*Aim of the exercise*
Except for the pictures, retype the records that follow exactly.

*Data for this exercise*
• • • •

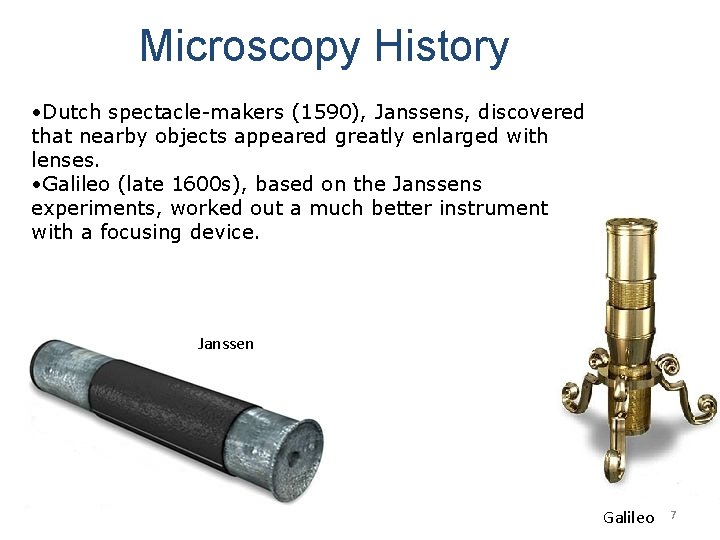 Microscopy History • Dutch spectacle-makers (1590), Janssens, discovered that nearby objects appeared greatly enlarged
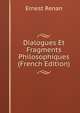 Dialogues Et Fragments Philosophiques (French Edition), Ernest Renan 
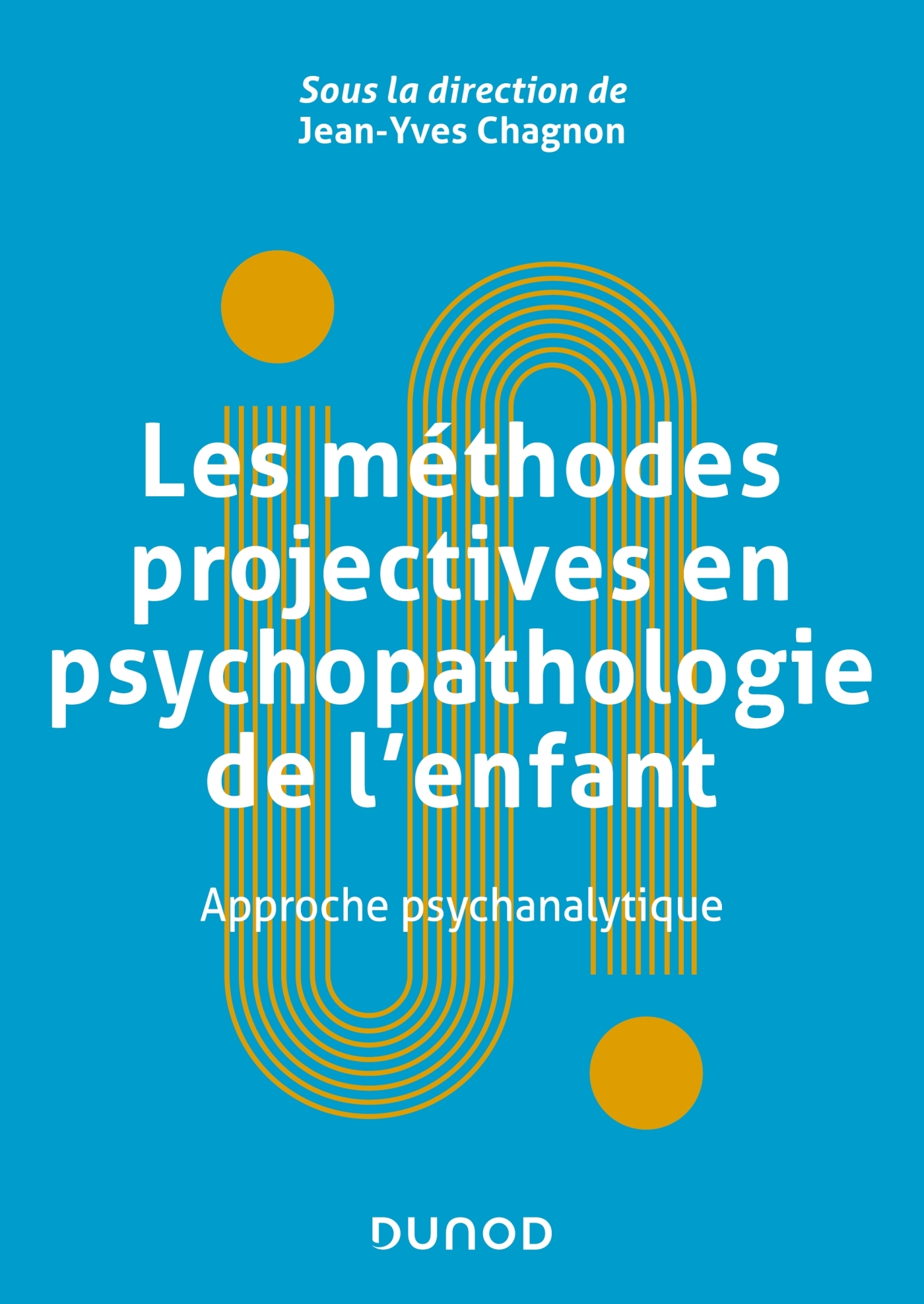 Les méthodes projectives en psychopathologie de l'enfant - Approche psychanalytique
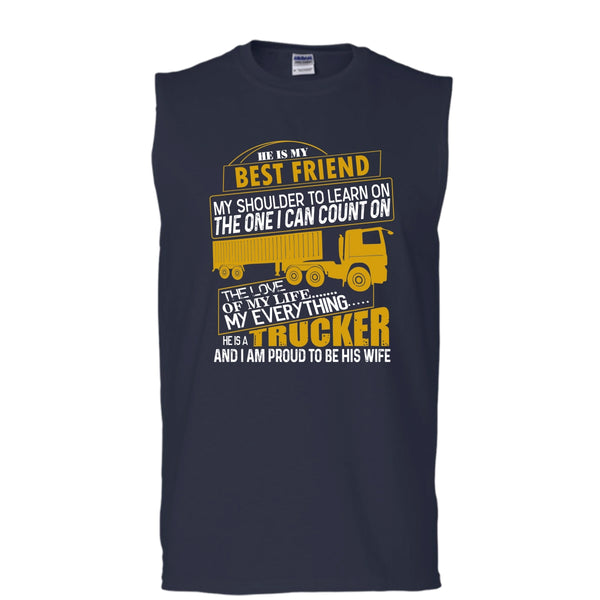 He Is My Best Friend T Shirt, He Is A Trucker Tank Top (Men's Cotton Sleeveless)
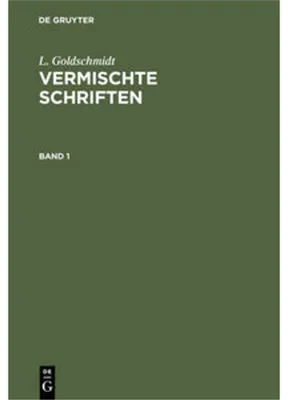 Zdjęcie produktu dla L. Goldschmidt: Vermischte Schriften. Band 1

• • • •

*Exercise solution*
 Microscopy History • Dutch spectacle-makers (1590), Janssens, discovered that nearby objects appeared greatly enlarged
 Dialogues Et Fragments Philosophiques (French Edition), Ernest Renan 
 Les méthodes projectives en psychopathologie de l'enfant - Approche psychanalytique
 He Is My Best Friend T Shirt, He Is A Trucker Tank Top (Men's Cotton Sleeveless)
 Zdjęcie produktu dla L. Goldschmidt: Vermischte Schriften. Band 1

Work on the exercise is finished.